その一つが、埋め立て地である会場で起きたガス爆発事故。3月にトイレの建設現場で溶接作業中に出た火花が、地中から出ていたメタンガスに引火して爆発し、コンクリートの床が破損した。

その後、博覧会協会が確認したところ、パビリオンが立ち並ぶエリア4か所でメタンガスが検出されたことが分かった。

大阪教職員組合 米山幸治書記長:
誰も「爆発事故がもう起こらない」とか「安全である」と言わない万博の会場に子どもたちを連れていくわけにはいかない。
子供の命、安全が第一。これを私たちは本当に重視したいと思っている。大阪府や府教育委員会は子供を招待する、その責任をきちっと果たしてほしい。

さらに、会場へのアクセスの仕方や昼食を食べる場所の有無など、あいまいな点が多く、学校現場の不安は消えていないという。

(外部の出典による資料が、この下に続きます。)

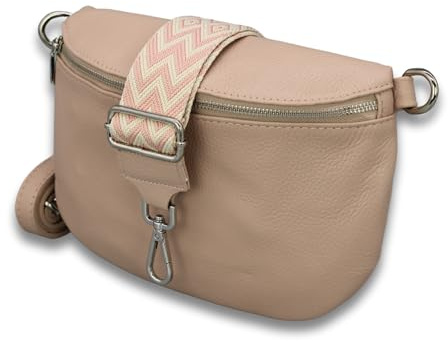 Adel Bags ADA Damen Bauchtasche Echtleder Handgefertigt Crossbody Bag | Damen Umhängetasche, Echtes Leder, Schultertasche mit Ledergurt & gemustertem Riemen, 3 Fächer, Made in Italy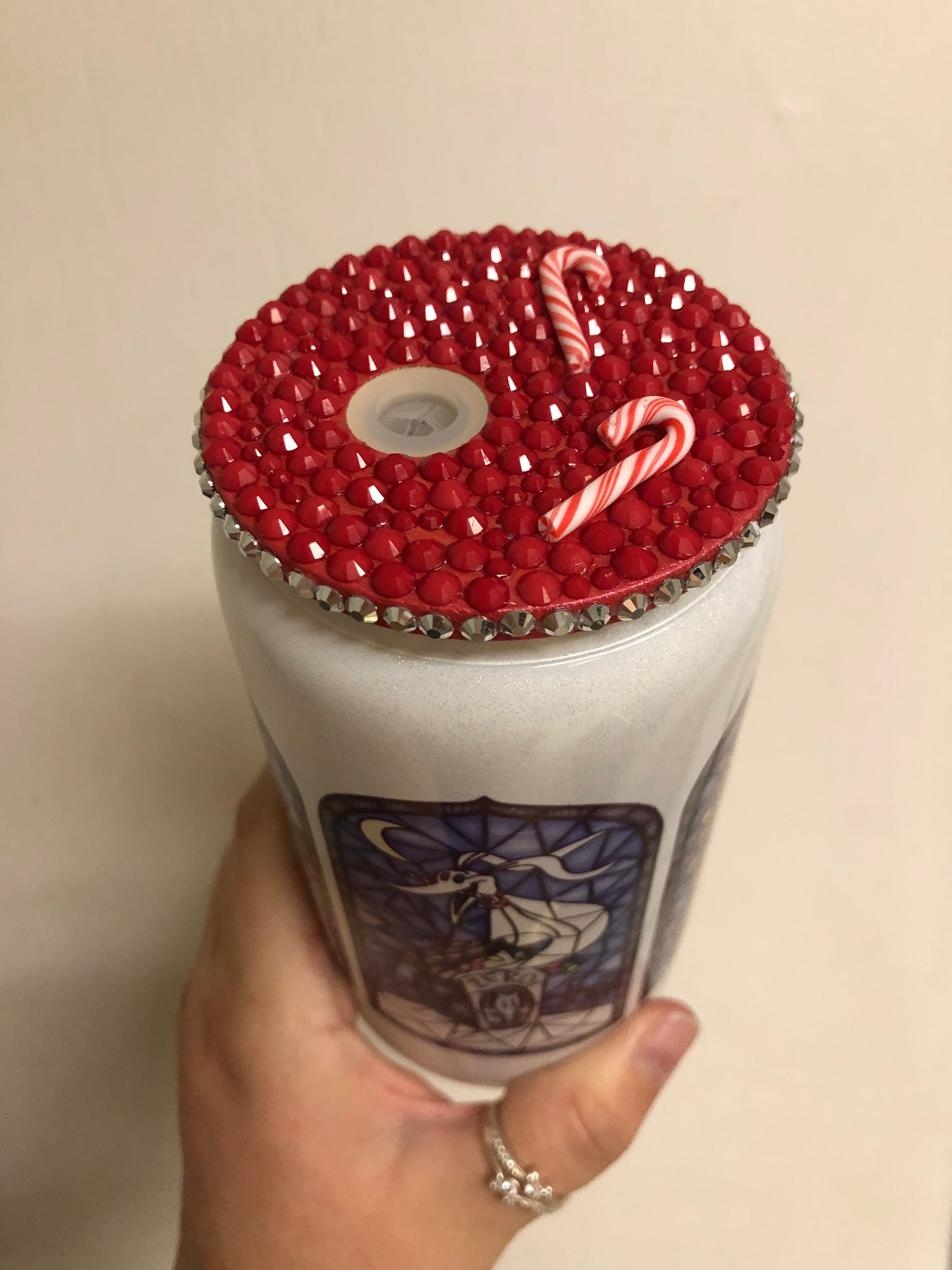 Nightmare Christmas 16oz Glittered Glass RTS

吉村知事は2023年8月、子どもたちを万博へ無料招待するいわゆる“万博遠足”について、こう訴えていた。

大阪府・吉村洋文知事(2023年8月):
こんな未来社会をつくっていくんだ、ということがまさに万博。
これから未来社会をつくる子どもたちにぜひ見てもらいたい。

その万博遠足をめぐり、5日に学校現場からあがった中止の要請。一方、万博PRのため精力的に活動する吉村知事は、5日は愛知県などを訪問し、改めて意気込みを語っている。

大阪府・吉村洋文知事:
あと1年弱、課題も指摘されている中、一生懸命準備をして、また愛知万博の経験を教えてもらいながら素晴らしい万博を来年の今ごろ開催したい。
未来社会をつくっていけるように次の社会に繋がるような万博ができればいいなと思っている。

来場意向調査のアンケートでも物議

こうした“万博遠足”の無料招待を巡る問題は、5日に始まったことではない。

府内の約1900校の小中高校を対象に行われた万博への来場意向調査のアンケートでは、「学校単位での訪問を希望するか」の項目には、
▲希望する
▲未定・検討中
の2つだけで選択肢に「希望しない」がなかったため、一部で“不満の声”が上がった。

アンケートには約1740校が回答し、結果は約7割(約1390校)の学校が「希望する」を選び、「未定・検討中」が約2割(約350校)、1割は未回答だった。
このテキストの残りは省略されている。